Grüne lassen SPÖ über eigene Forderungen abstimmen

Kogler forderte die Abgeordneten von SPÖ und ÖVP auf, bei dem "geplanten Verfassungsbruch" der Regierung, die das Budget 2011 nicht fristgerecht dem Parlament vorlegen will, "nicht Schmiere zu stehen", sondern ihren Eid auf die Verfassung einzuhalten. Gerade weil Wahlen bevorstehen, müsse die Regierung die Karten offen legen und die Bevölkerung nicht weiter belügen, so Kogler. Um die SPÖ einmal mehr der "Wahllüge" zu überführen, werden die Grünen die von den Sozialdemokraten vorgeschlagenen "sieben Punkte" - u.a. Bankenabgabe, Vermögenszuwachssteuer und Reform der Stiftungssteuern - zur Abstimmung bringen.
Das BZÖ unterstellte der Bundesregierung auf einer Pressekonferenz eine "beispiellose Lügenattacke" aufgrund der Budget-Verschiebungen. Er ist für eine Sondersitzungsserie, damit Finanzminister Josef Pröll (ÖVP) alle der in Summe etwa 200 Fragen an ihn beantworten kann. Eine Blockade von Gesetzen, die eine Zwei-Drittel-Mehrheit und damit die Opposition benötigen, hält BZÖ-Obmann Josef Bucher derzeit nicht für angebracht.

Von Hypo über Skylink bis zu den Haiderkonten

Bucher kündigte ebenfalls einen Misstrauensantrag gegen den Finanzminister an und einen Untersuchungsausschuss-Antrag zu den Politaffären an. In diesem sollen nicht weniger Fälle als die Kommunalkredit, Hypo Niederösterreich und Hypo Kärnten, Skylink am Flughafen Wien, die SPÖ-Stiftung, das Olympische Komitee, Parteien- und Wahlkampffinanzierungen aber auch die angeblichen Konten des verstorbenen Kärntner Landeshauptmanns Jörg Haider (BZÖ) in Liechtenstein untersucht werden.
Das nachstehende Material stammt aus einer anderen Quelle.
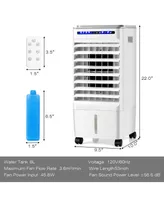 3-in-1 Evaporative Air Cooler Portable Air Cooling Fan w/ Fan & Humidifier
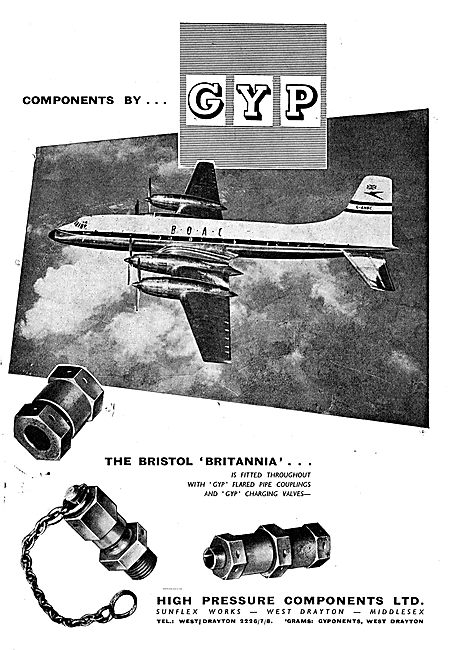 High Pressure Components Gyp Charging Valves For The Britannia   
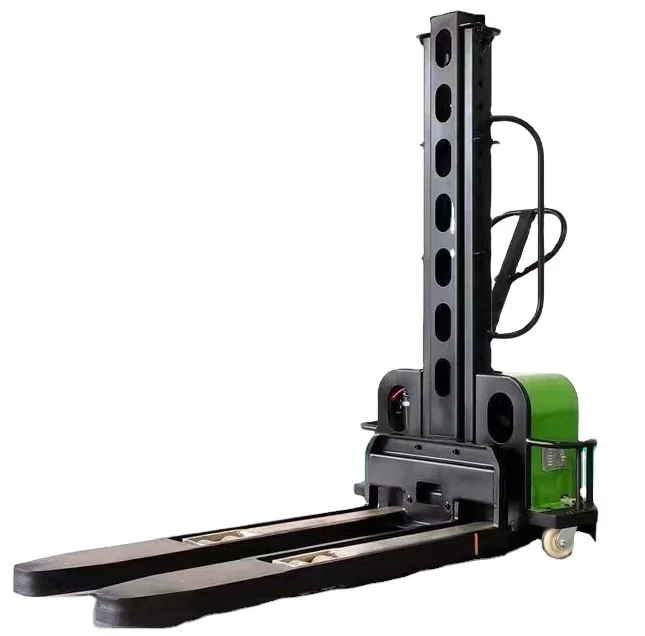 Factory Low Price Lift Pallet Semi Electric Self Loading Stacker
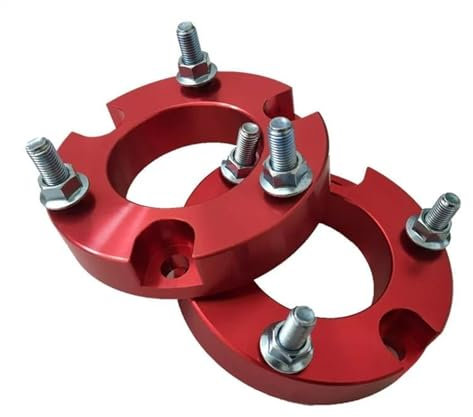 Wheel Spacers Glut Für Toyota Für Hilux Für Revo Vorne und Hinten Lift Kit Maschine Dual Schäkel Komfort G Schäkel 1 -2“ blau Rack1 Paar Spurplatten Spurverbreiterung(25mm)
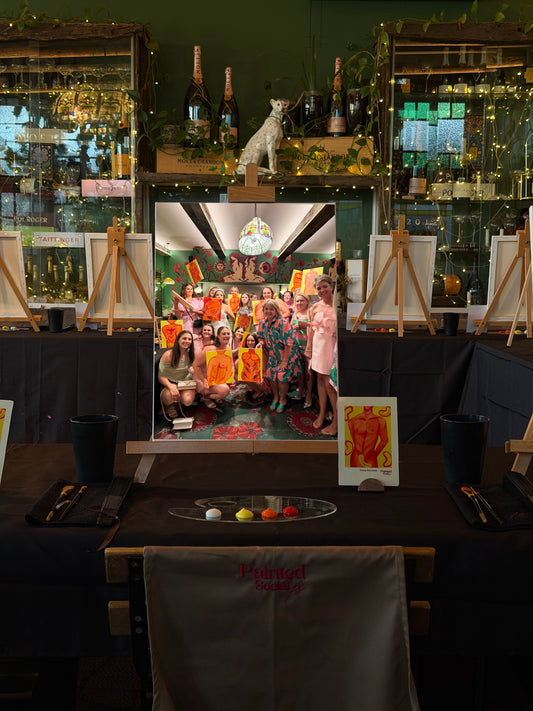 Crazy Hens Night Paint & Sip at Miami Marketta | Painted Social Gold Coast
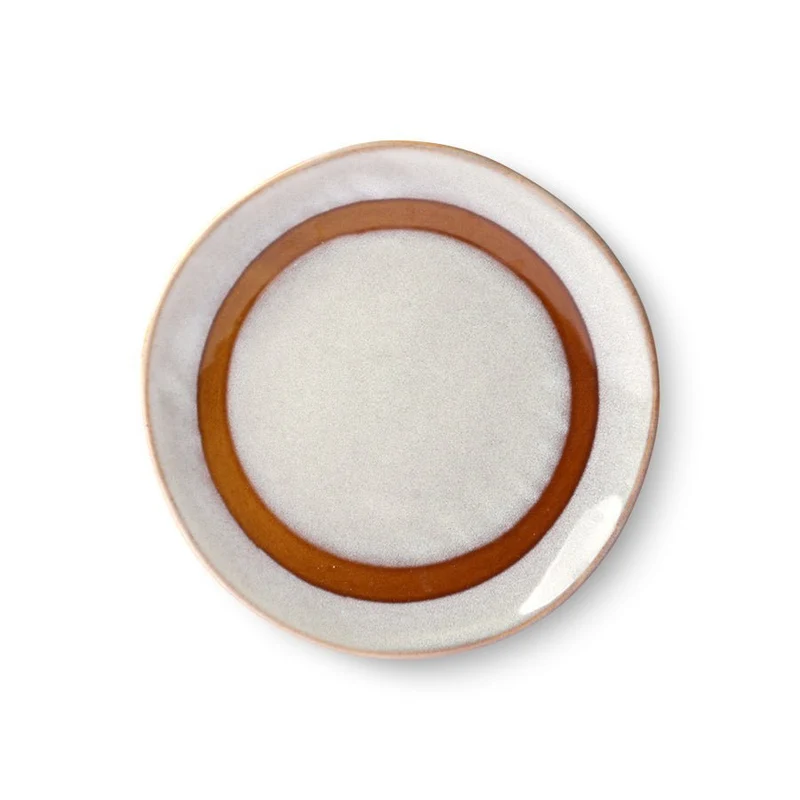 70's Ceramics: Dessertteller Snow, Ø 17,5 cm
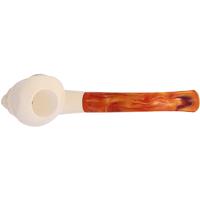 AKB Meerschaum Carved Skull with Yin and Yang Hat (with Case)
Wenn Rot und Schwarz diesem Antrag nicht zustimmen, sollten sie "augenblicklich den Mund halten" und keine weiteren Vorwürfe gegen das Bündnis in Umlauf bringen, meinte Bucher.

Der Grüne Kogler warf dem BZÖ vor, den Ausschuss von Beginn "umbringen zu wollen", in dem sie ihn mit unzähligen Untersuchungspunkten "zumüllen". Immerhin seien FPÖ und BZÖ "auf der Anklagebank fett vertreten". Vor allem FPÖ-Chef Heinz-Christian Strache und seine "Gaunertruppe in Kärnten" hätten Erklärungsbedarf, denn "die Partei der Anständigen und Tüchtigen" habe sich als "Partei der Abzocker und Flüchtigen" entpuppt, so Kogler.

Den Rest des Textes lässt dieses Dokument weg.